[Activity]
The whole listing below should be retyped exactly, without any images.

[Recorded data]
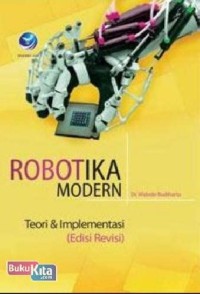 Image of Robotika modern : teori dan implementasi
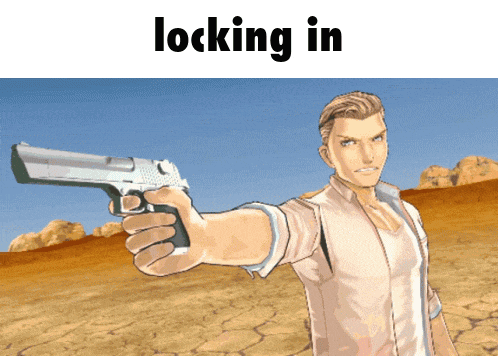 a man holding a gun in front of a desert landscape with the caption locking in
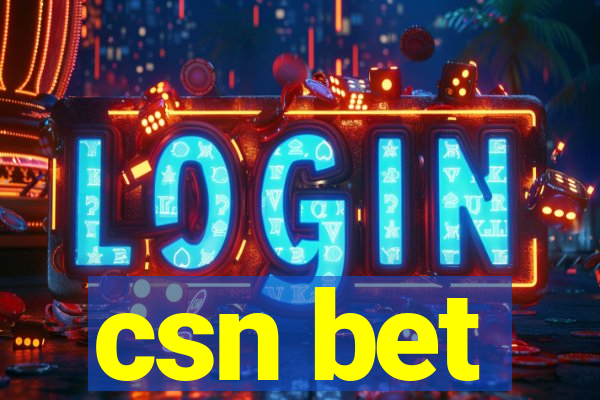 csn bet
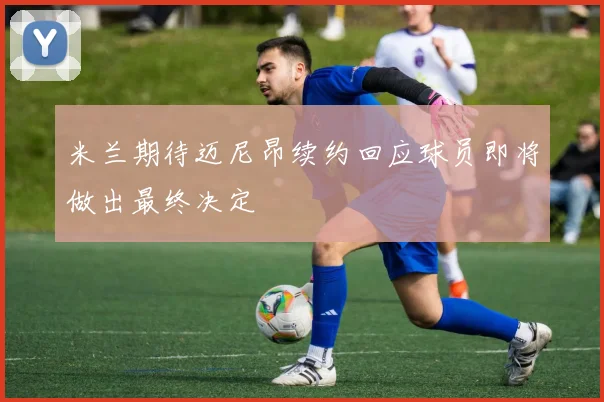 米兰期待迈尼昂续约回应球员即将做出最终决定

[Completed exercise]
 Image of Robotika modern : teori dan implementasi
 a man holding a gun in front of a desert landscape with the caption locking in
 csn bet
 米兰期待迈尼昂续约回应球员即将做出最终决定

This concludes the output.